A compact disk, which has a diameter of 12.0 cm, speeds up uniformly from zero to 4.40 rev/s in 3.20 s.
What is the tangential acceleration of a point on the outer rim of the disk at the moment when its angular speed is 2.00(rev/s)?
To find the tangential acceleration of a point on the outer rim of the disk, we can use the formula:
Tangential acceleration = Radius × Angular acceleration
First, let's find the radius of the disk. The diameter of the disk is given as 12.0 cm, so the radius (r) can be calculated by dividing the diameter by 2:
r = diameter/2 = 12.0 cm/2 = 6.0 cm = 0.06 m
Next, we need to find the angular acceleration of the disk.

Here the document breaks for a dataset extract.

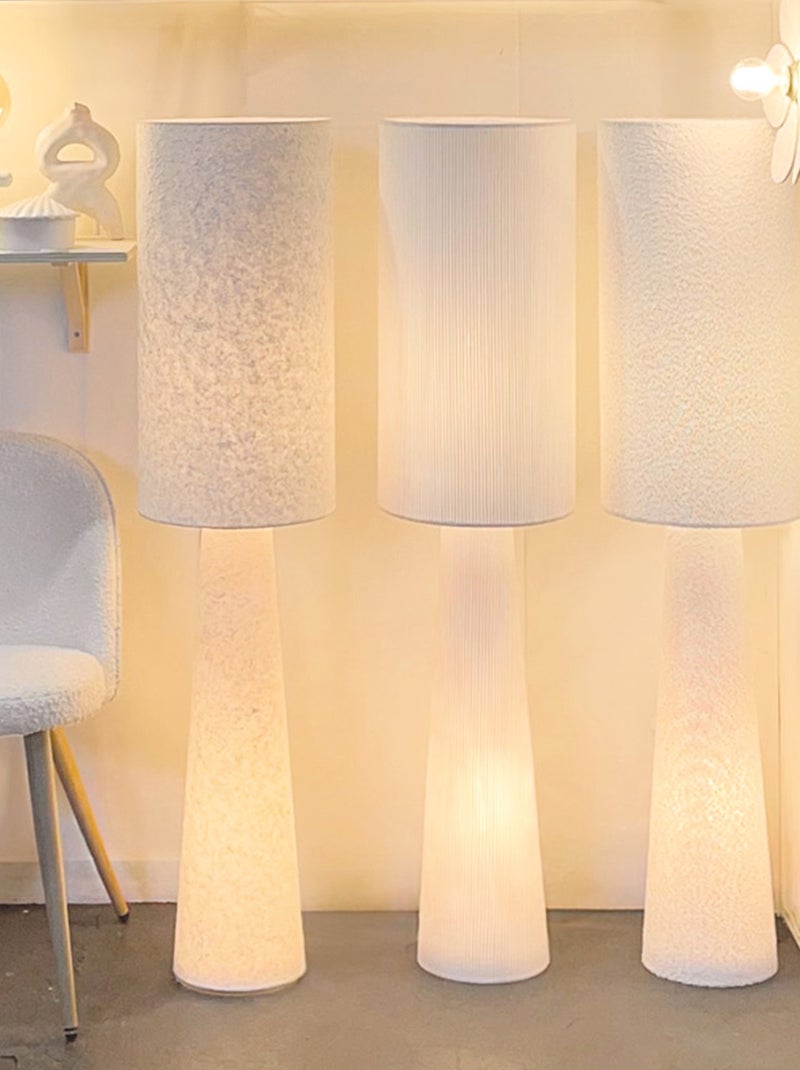 Grande lampe en papier maché Blanc - Kiabi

We are given that the disk speeds up uniformly from zero to 4.40 rev/s in 3.20 s. The angular velocity (ω) is given by:
ω = Δθ/Δt
where Δθ is the change in angular displacement and Δt is the change in time. In this case, the initial angular velocity is zero, and the final angular velocity is 4.40 rev/s. Thus, the change in angular velocity (Δω) is:
Δω = final angular velocity - initial angular velocity
= 4.40 rev/s - 0 rev/s
= 4.40 rev/s
The change in time (Δt) is given as 3.20 s.

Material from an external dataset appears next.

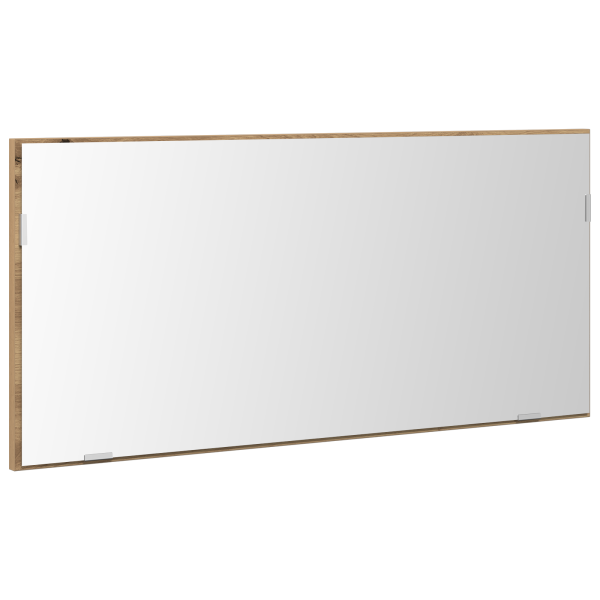 Mueble espejo de baño con luz LED roble artisan 80x37 cm M 2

Thus, the angular acceleration (α) can be calculated using the formula:
α = Δω/Δt
= 4.40 rev/s / 3.20 s
≈ 1.38 rev/s^2
To convert the angular acceleration to radians per second squared, we know that 1 revolution (rev) is equal to 2π radians. Therefore, the angular acceleration (α) in radians per second squared can be calculated as:
α = 1.38 rev/s^2 × 2π rad/rev
≈ 8.68 rad/s^2
Finally, using the formula for tangential acceleration, we can calculate:
Tangential acceleration = Radius × Angular acceleration
= 0.06 m × 8.68 rad/s^2
≈ 0.52 m/s^2
Therefore, the tangential acceleration of a point on the outer rim of the disk, when its angular speed is 2.00 rev/s, is approximately 0.52 m/s^2.